It’s not that we belittle the ethical question in the contretemps, even if we are a long-time skeptic of insider trading laws. The wrong being laid to Mr. Burr is selling shares after alarming closed-door briefings in respect of corona during early and mid February. A law known as the STOCK Act makes it illegal for senators, among other federal government employees, to trade on non-public government information. The Sun is for obeying that law in its letter and spirit

Mr. Burr, though, denies that he decided to sell the shares he unloaded on February 13 on the basis of the closed government briefings. He certainly wouldn’t be the only one who began to retreat from equities at that time, even if he did sell at the peak. News of corona’s seriousness had begun to hit the papers, and millions of Americans were already wondering whether to act. In any event, Mr. Burr has asked for an investigation by the Ethics Committee, and, like any senator, he deserves it.

This isn’t a partisan thing with us. We’ve been hoeing this row for years, including in defense of Democrats. The Sun was one of the most vocal papers to defend, say, Senator Al Franken, against the bum’s rush for his resignation in the face of allegations of sexual harassment. That was coming largely from his fellow Democrats, by the way. Mr. Franken, too, had asked for an investigation by the Ethics Committee.

In the event, Mr. Franken cracked. He gave in to the bullies in his own party and quit the Senate that he had come to love and in which he had emerged as, despite (or because of) his comedic background, a serious player. Once out of the Senate, he seemed to disappear, until Jane Mayer of the New Yorker turned in her heartbreaking story of how his regret over his retreat had thrown him into a depression. He came bitterly to wish that he’d held out for Ethics Committee to do its work.

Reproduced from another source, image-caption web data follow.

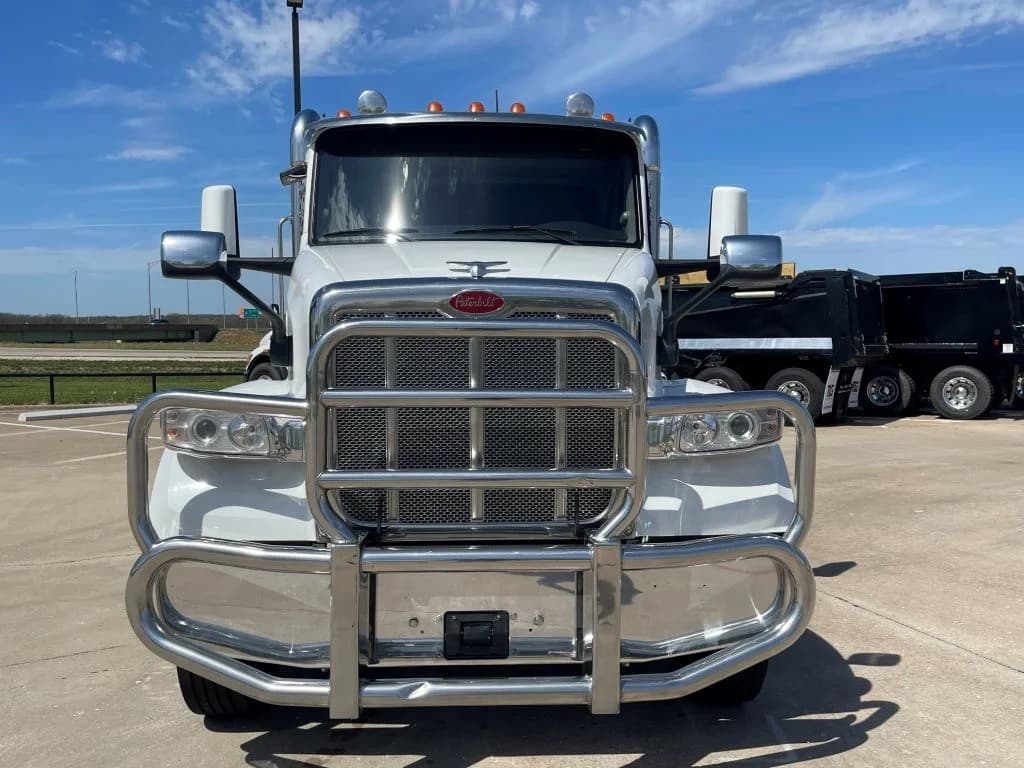 2022 Peterbilt 567 in Springfield, MO — photo 8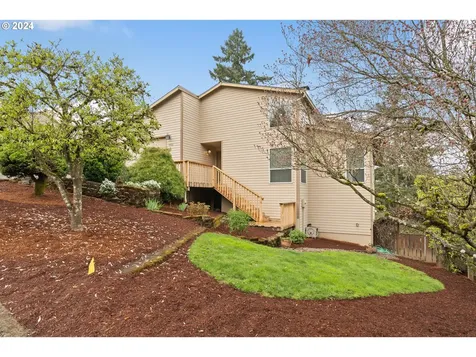 7735 Cason Lane Gladstone OR 97027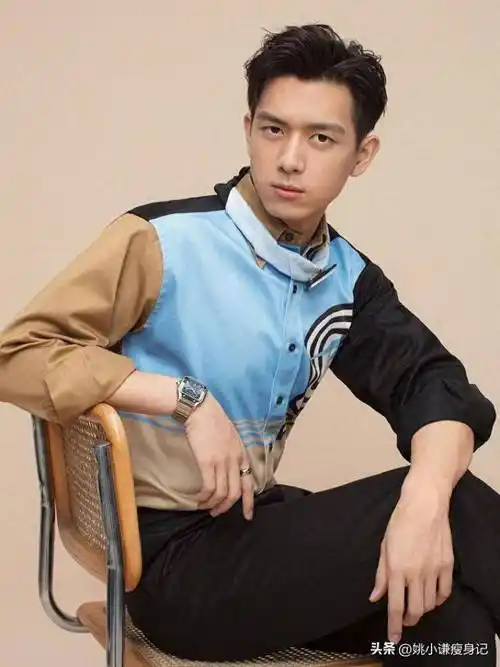 没错,李现曾经是一位体重超标的胖子,经过努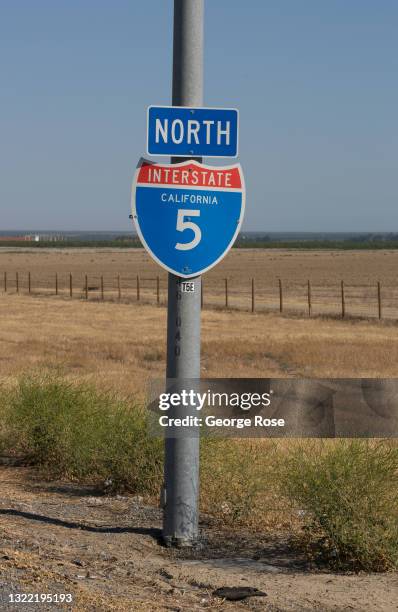 Interstate On Ramp Sign 43 Onramp Sign Stock Photos, High-Res Pictures, and Images - Getty Images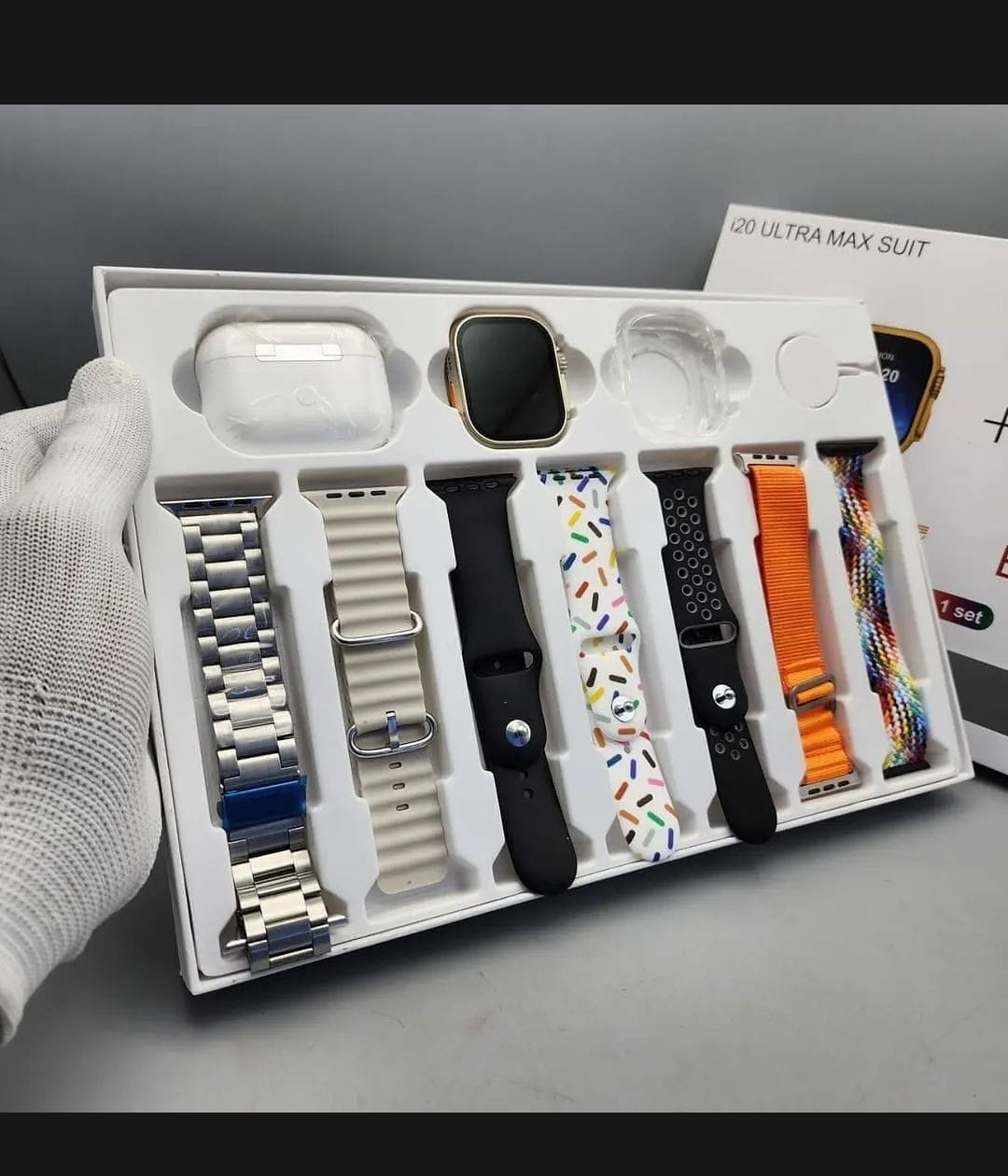 Original i20 Ultra 2 Max Smartwatch Combo with AirPods Pro, 7 Straps & Silicone Case – Best Price in Pakistan & UAE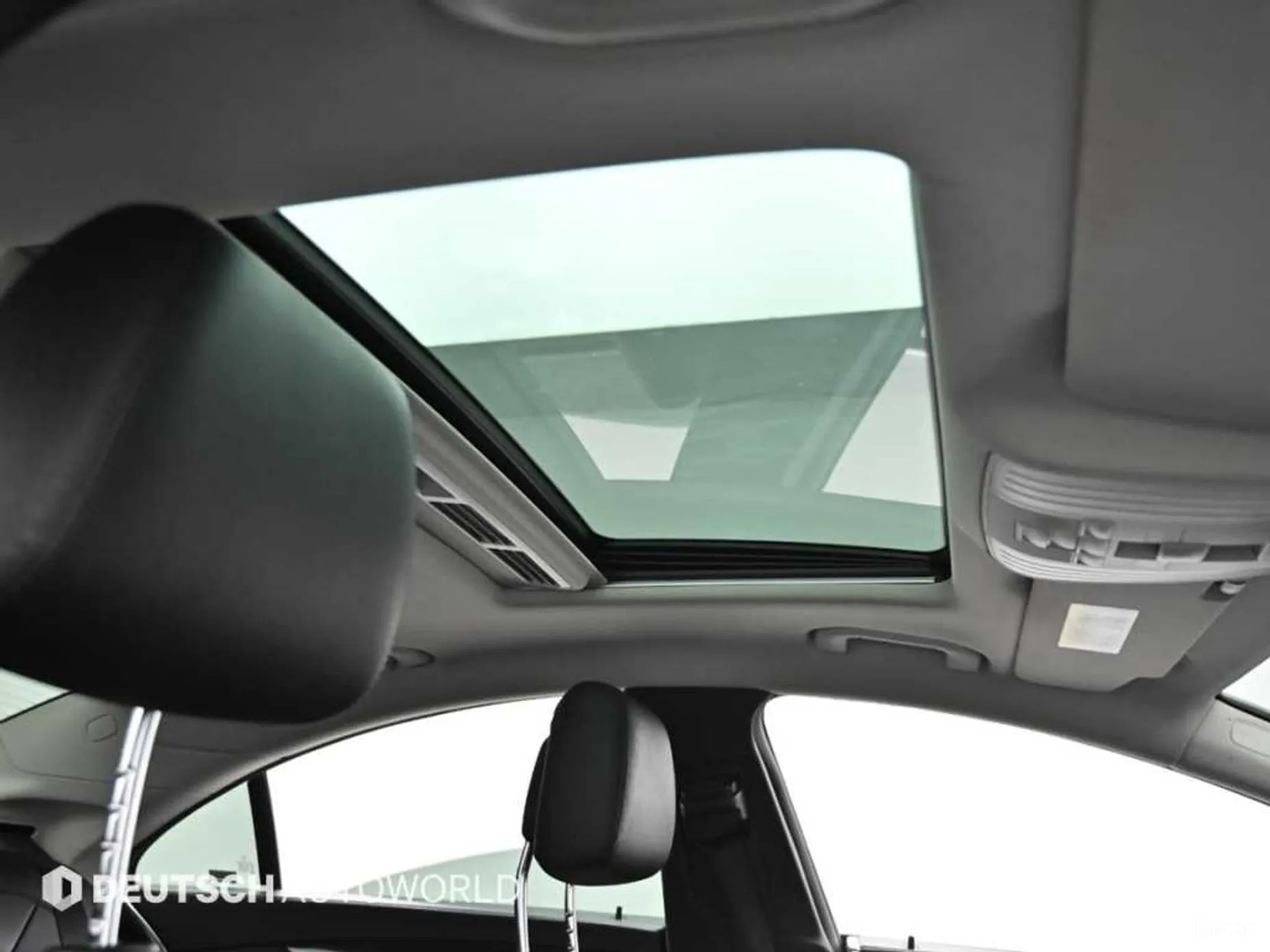 Mercedes Benz CLS-Class W218 превью 18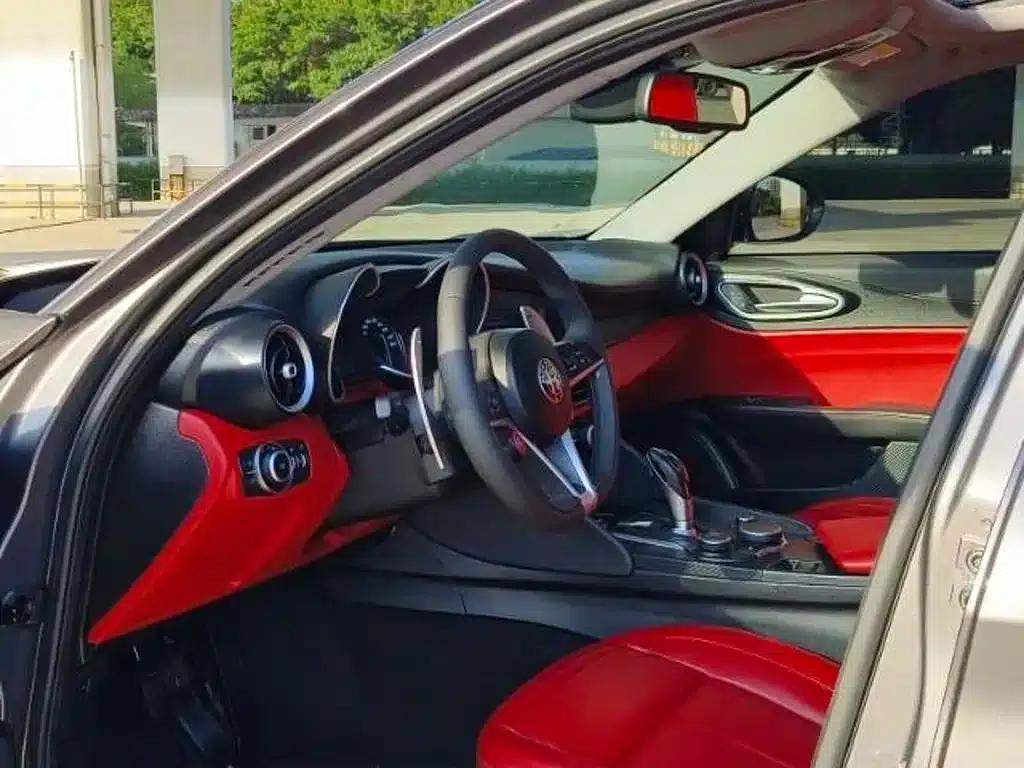 Giulia Juliet 2020 2.0T 280HP Luxury Edition — миниатюра 7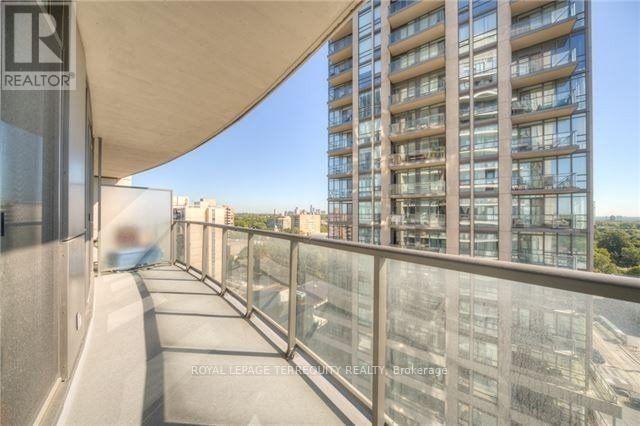 1106 - 530 St Clair Avenue W Property Photo 5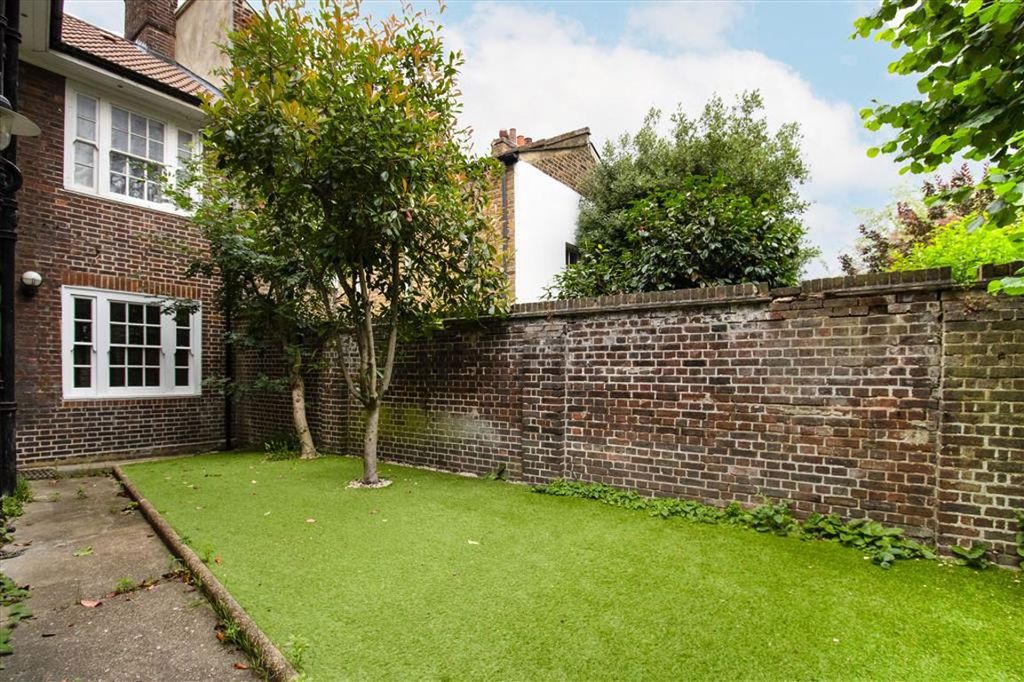 Property photo 3 of 10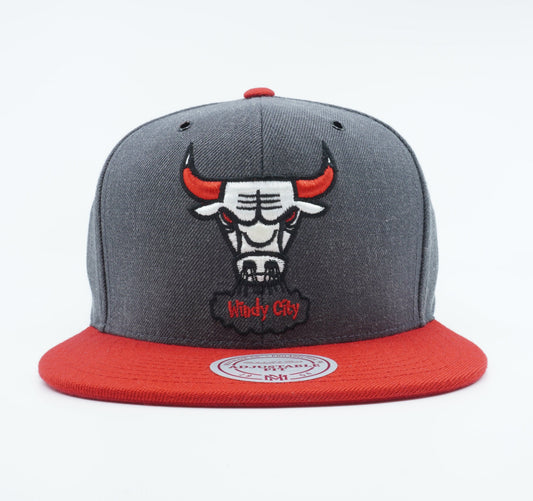Mitchell & Ness Men's NBA Chicago Bulls 2 Tone Dark Heather Snapback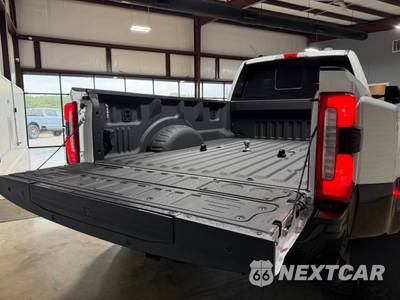 2024 Ford Super Duty F-350 King Ranch Crew Cab Long Bed DRW - zdjęcie 12 z 41 - miniatura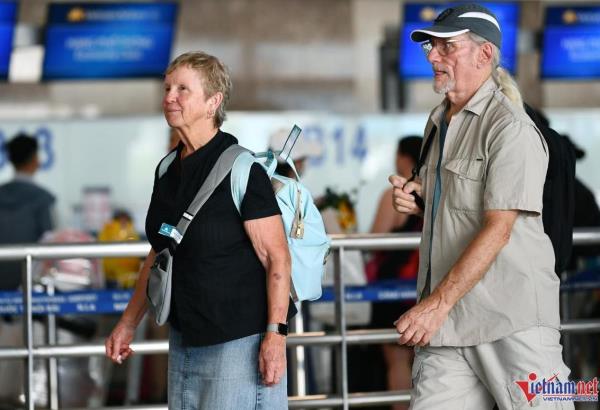 Việt Nam đón 10 triệu khách quốc tế, khách châu Âu tăng vọt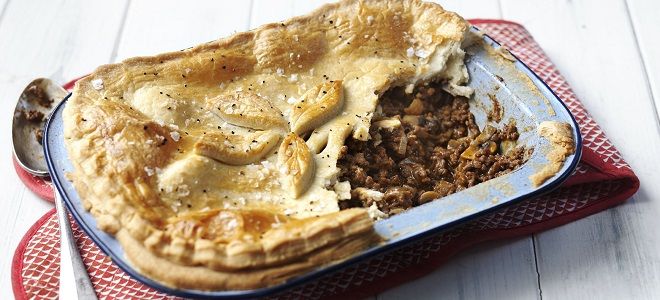 Пирог с фаршем в духовке - сытная выпечка и для перекуса, и для застолья Пирог с фаршем в духовке - сытная выпечка и для перекуса, и для застолья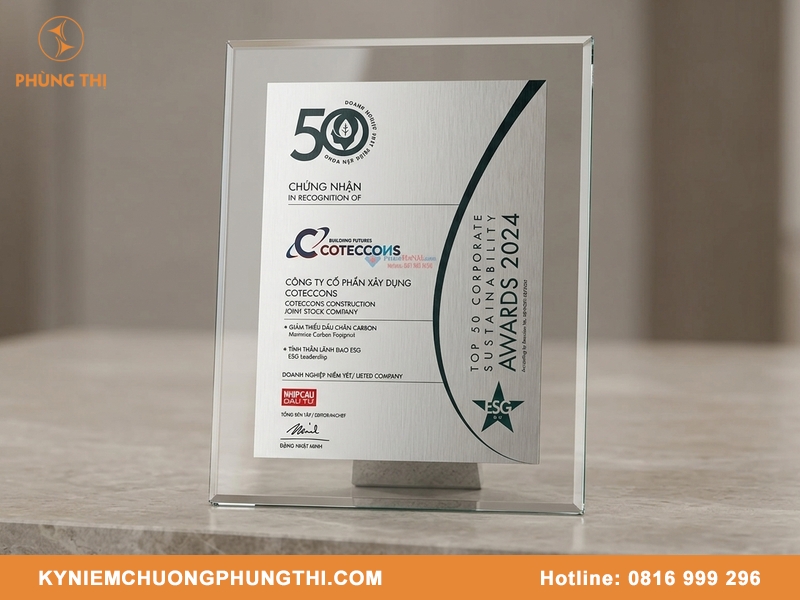 Các loại bảng vinh danh phổ biến được ưa chuộng hiện nay Các loại bảng vinh danh phổ biến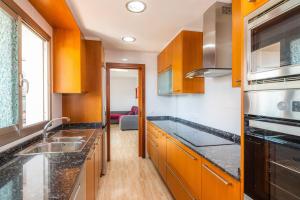 A kitchen or kitchenette at Syrenah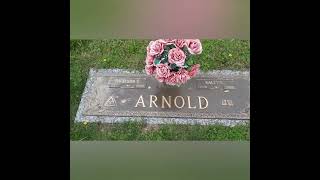 The grave of Country Music Icon Eddy Arnold and his wife Sally Arnold. They married in 1941 #rip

Nor was it just Mr. Franken who came to have regrets. Even those who forced Mr. Franken from the Senate came to have regrets. Senator Leahy came to see his decision to seek Mr. Franken’s resignation as one of his “biggest mistakes”; Senator Heitkamp confessed she acted “without concern for exactly what this was.” Tammy Duckworth, Angus King, Bill Nelson, Jeff Merkley, Thos. Udall, all seem ashamed. What a bunch of invertebrates.

And what a teaching moment for the United States Senate, all the more so because Mr. Burr isn’t the only Senator who is suspected of selling when they should have known better. At least four other senators — Dianne Feinstein, Jas. Infhofe, Kelly Lauffler, and David Purdue — reportedly sold shares during this crucial period. Even more legislators in the House reportedly did so. By our lights, the details matter. Who knew what and when and who made the decisions to sell?

Millions of Americans leave the managing of their retirement accounts to others and rarely get involved in the details. Senator Burr insists he made his decisions on the general news. Did he — or anyone — really need a classified briefing in mid-February to decide the market could head south at a moment’s notice? Would it be right to prosecute someone for selling on inside information if enough public information was available to justify a sell-order?

Mr. Burr, according to a report in ProPublica, was one of three senators to vote against the STOCK Act banning stock trading by legislators on the basis of non-public government information. Now, in any event, there are moves afoot in Congress to ban members of Congress from owning stocks altogether. That would be a tragedy, a further alienation of our Congress from the free-market capitalism that is part of the warp and woof of the fabric of freedom in America.